──────── DATA FOR THIS EXERCISE ────────
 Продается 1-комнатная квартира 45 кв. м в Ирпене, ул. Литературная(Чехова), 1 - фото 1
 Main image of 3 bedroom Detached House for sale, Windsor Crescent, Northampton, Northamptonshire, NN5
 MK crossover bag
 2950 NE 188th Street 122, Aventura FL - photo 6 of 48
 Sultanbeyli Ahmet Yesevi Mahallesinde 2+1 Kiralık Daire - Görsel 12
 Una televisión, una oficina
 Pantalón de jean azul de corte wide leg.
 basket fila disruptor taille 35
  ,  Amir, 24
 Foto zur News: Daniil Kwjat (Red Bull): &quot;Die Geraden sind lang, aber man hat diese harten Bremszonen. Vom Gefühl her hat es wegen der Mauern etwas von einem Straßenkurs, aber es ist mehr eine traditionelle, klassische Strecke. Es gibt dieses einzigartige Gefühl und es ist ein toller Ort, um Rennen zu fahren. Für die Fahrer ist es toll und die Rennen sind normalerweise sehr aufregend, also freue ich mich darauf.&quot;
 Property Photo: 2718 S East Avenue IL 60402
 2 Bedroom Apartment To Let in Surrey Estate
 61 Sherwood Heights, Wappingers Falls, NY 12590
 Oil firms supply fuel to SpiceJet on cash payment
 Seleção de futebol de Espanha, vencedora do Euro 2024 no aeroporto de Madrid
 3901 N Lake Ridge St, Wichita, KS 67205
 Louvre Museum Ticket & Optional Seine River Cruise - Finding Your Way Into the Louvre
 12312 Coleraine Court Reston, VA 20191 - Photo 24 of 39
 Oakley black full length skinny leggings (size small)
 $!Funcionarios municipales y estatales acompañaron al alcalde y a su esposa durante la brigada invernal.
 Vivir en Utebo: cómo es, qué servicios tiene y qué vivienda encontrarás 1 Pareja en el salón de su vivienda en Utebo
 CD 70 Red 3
────────
- WHAT NEEDS TO BE DONE -
Give back the entire listing above, matching every line exactly.

- THE COMPLETED TASK -
 Продается 1-комнатная квартира 45 кв. м в Ирпене, ул. Литературная(Чехова), 1 - фото 1
 Main image of 3 bedroom Detached House for sale, Windsor Crescent, Northampton, Northamptonshire, NN5
 MK crossover bag
 2950 NE 188th Street 122, Aventura FL - photo 6 of 48
 Sultanbeyli Ahmet Yesevi Mahallesinde 2+1 Kiralık Daire - Görsel 12
 Una televisión, una oficina
 Pantalón de jean azul de corte wide leg.
 basket fila disruptor taille 35
  ,  Amir, 24
 Foto zur News: Daniil Kwjat (Red Bull): &quot;Die Geraden sind lang, aber man hat diese harten Bremszonen. Vom Gefühl her hat es wegen der Mauern etwas von einem Straßenkurs, aber es ist mehr eine traditionelle, klassische Strecke. Es gibt dieses einzigartige Gefühl und es ist ein toller Ort, um Rennen zu fahren. Für die Fahrer ist es toll und die Rennen sind normalerweise sehr aufregend, also freue ich mich darauf.&quot;
 Property Photo: 2718 S East Avenue IL 60402
 2 Bedroom Apartment To Let in Surrey Estate
 61 Sherwood Heights, Wappingers Falls, NY 12590
 Oil firms supply fuel to SpiceJet on cash payment
 Seleção de futebol de Espanha, vencedora do Euro 2024 no aeroporto de Madrid
 3901 N Lake Ridge St, Wichita, KS 67205
 Louvre Museum Ticket & Optional Seine River Cruise - Finding Your Way Into the Louvre
 12312 Coleraine Court Reston, VA 20191 - Photo 24 of 39
 Oakley black full length skinny leggings (size small)
 $!Funcionarios municipales y estatales acompañaron al alcalde y a su esposa durante la brigada invernal.
 Vivir en Utebo: cómo es, qué servicios tiene y qué vivienda encontrarás 1 Pareja en el salón de su vivienda en Utebo
 CD 70 Red 3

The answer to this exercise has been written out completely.